38630.fb2
Charles caminó un poco, hasta el aparcamiento. Una vez en su coche, se fumó un cigarro. Lo que sentía estaba en perfecta sintonía con el amarillo agresivo de los neones del techo. Puso el motor en marcha y encendió la radio. El locutor hablaba de una extraña serie de partidos que habían terminado todos en empate aquella jornada, lo que provocaba un statu quo en la clasificación de la liga de primera división. Todo era coherente. Charles era como un club perdido en mitad de la clasificación. Estaba casado, tenía una hija, dirigía una empresa de éxito, pero sentía un inmenso vacío. Sólo el sueño de Nathalie había tenido la capacidad de insuflarle vida. Ahora todo eso había terminado, todo estaba aniquilado, destruido, arrasado. Podía añadir sinónimos a la lista, nada cambiaría ya. Pensó entonces que había algo peor que ser rechazado por la mujer a la que uno ama: tener que verla todos los días. Encontrarse en todo momento cerca de ella, en un pasillo. No pensó en el pasillo por casualidad. En los despachos Nathalie era hermosa, pero Charles había pensado siempre que su erotismo era más intenso en los pasillos. Sí, en su cabeza, era una mujer-pasillo. Y, ahora, acababa de comprender que cuando llegara al final del pasillo tendría que dar media vuelta.
En cambio, para volver a casa, nunca hay que dar media vuelta. El coche de Charles iba por la carretera de todos los días. Parecía el metro, de tan idéntico como era todo en aquel trayecto. Aparcó y se fumó otro cigarro en el garaje de su edificio. Al abrir la puerta de su casa, vio a su mujer sentada ante el televisor. Nadie habría podido adivinar que, en un pasado, una suerte de frenesí sexual había animado a Laurence.
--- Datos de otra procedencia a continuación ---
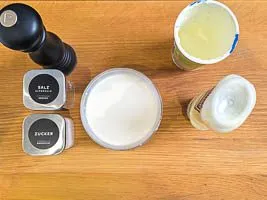 Mayonnaise, Joghurt, Salz, Pfeffer und Zucker mit dem Gurkenwasser als Dressing verr&uuml;hren
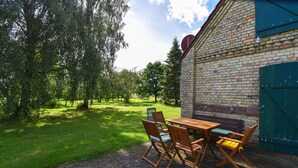 An outdoor seating area with a brick wall, a wooden table, and chairs. - Gorgeous home in Dobbertin with WiFi (Dobbertin)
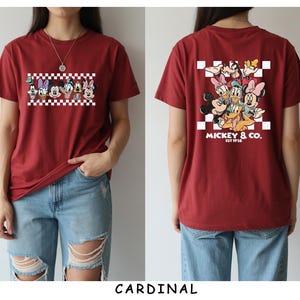 May include: A cardinal red short-sleeve t-shirt featuring a graphic of Disney characters on the front and back. The front shows a row of character faces over a white and red checkerboard pattern. The back displays the same characters with the text MICKEY & CO. EST 1928.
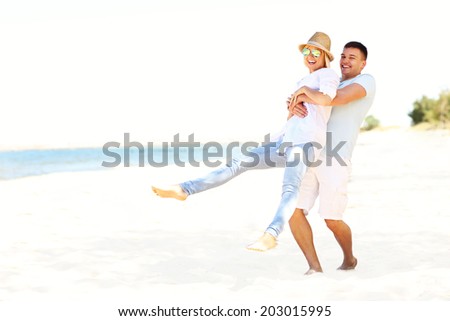 A picture of a young romantic couple having fun at the beach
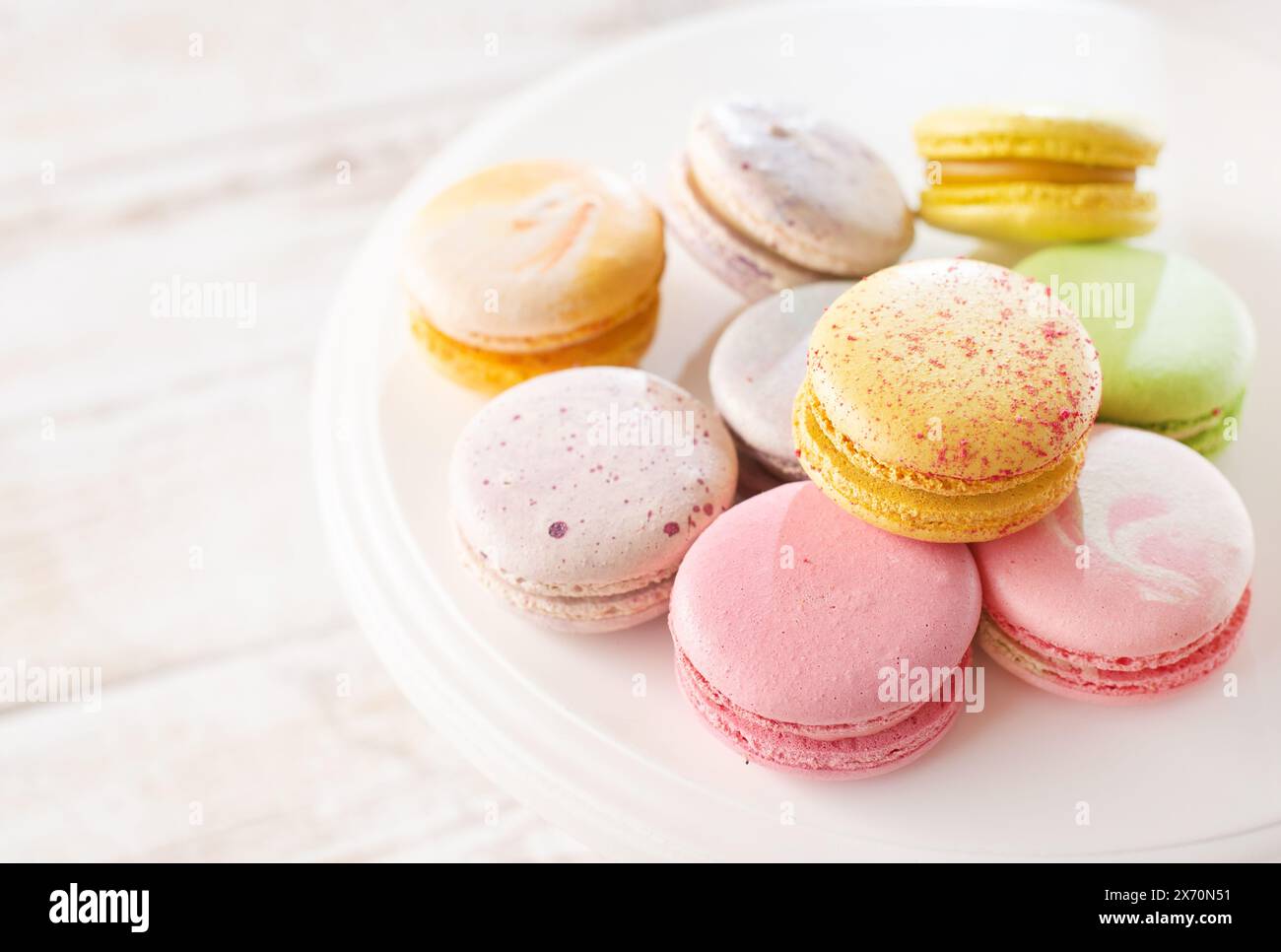 Macaron multicolore su sfondo in legno con luci e ombre soffuse. Delicati macaron sul tavolo su sfondo chiaro. Foto Stock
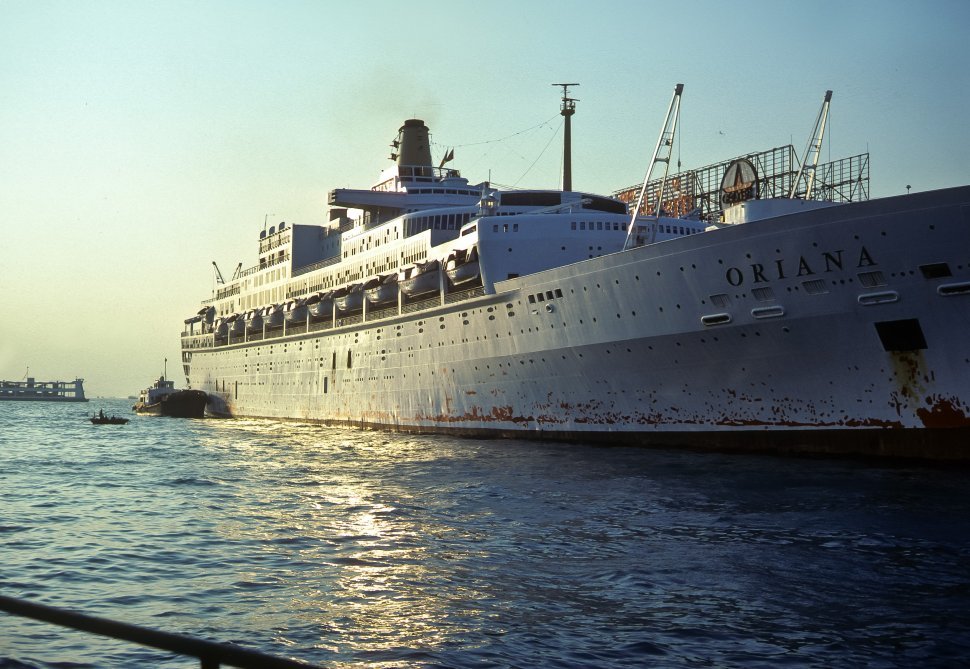 Free image of Large cruise ship docked at port.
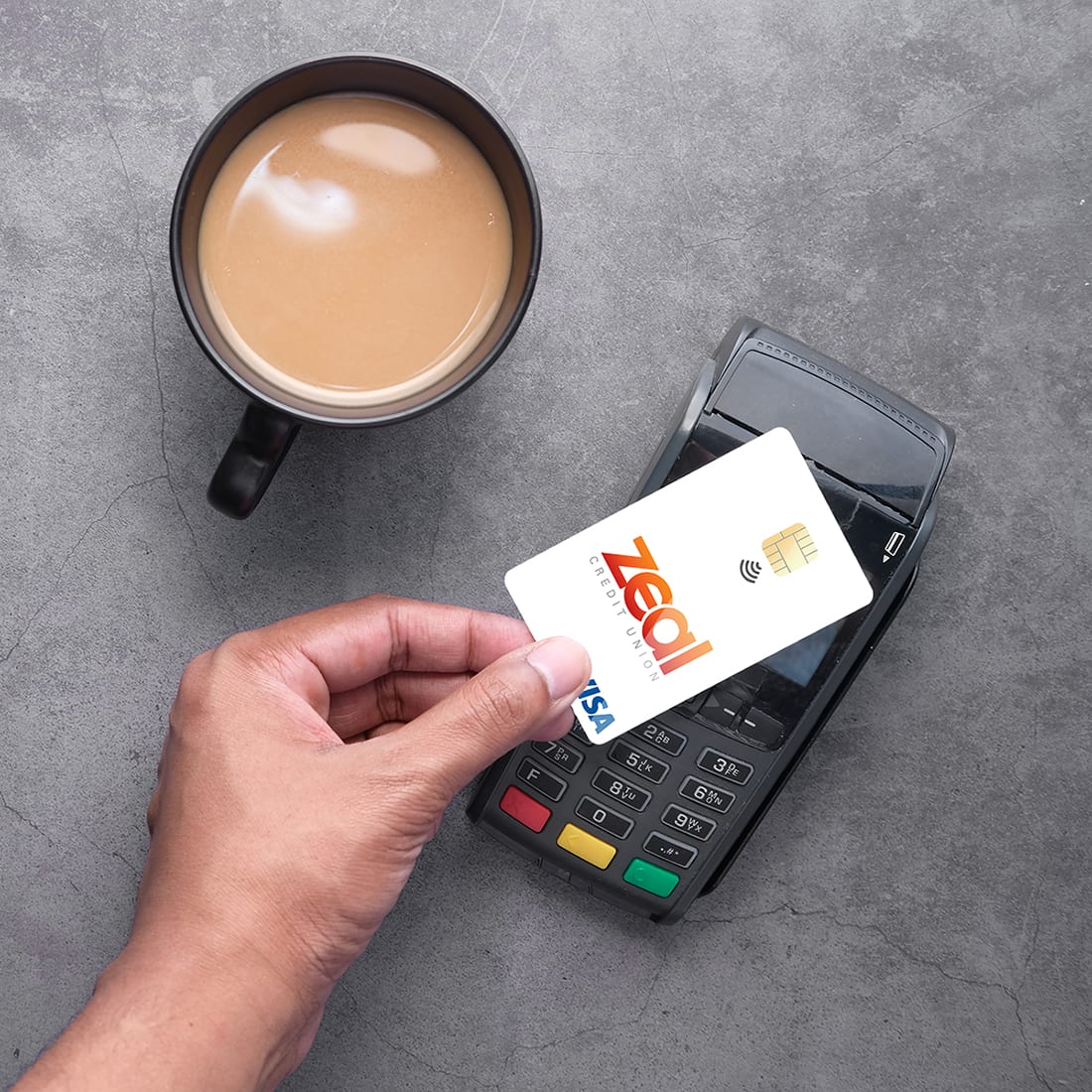 Zeal Tap to Pay. Hand holding Zeal credit card over wireless payment system.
Se iba adecuando, lenta pero segura, al prototipo de burguesa depresiva. Extrañamente, esa imagen no afectó a Charles. Avanzó despacio hacia el televisor y lo apagó. Su mujer protestó, sin mucha convicción. Se acercó a ella y la agarró con firmeza del brazo. Ella quiso reaccionar, pero de su boca no salió sonido alguno. En el fondo, había soñado con ese momento, había soñado con que su marido la tocara, había soñado con que dejara de pasar por su lado como si ya no existiera. Su vida en común era un entrenamiento cotidiano para el no ser. Sin intercambiar una palabra, se dirigieron a su dormitorio. La cama estaba hecha y, de pronto, dejó de estarlo. Charles volvió a Laurence de espaldas y le bajó las bragas. El rechazo de Nathalie le había dado ganas de hacerle el amor a su mujer, y de hacerlo incluso con cierta brutalidad.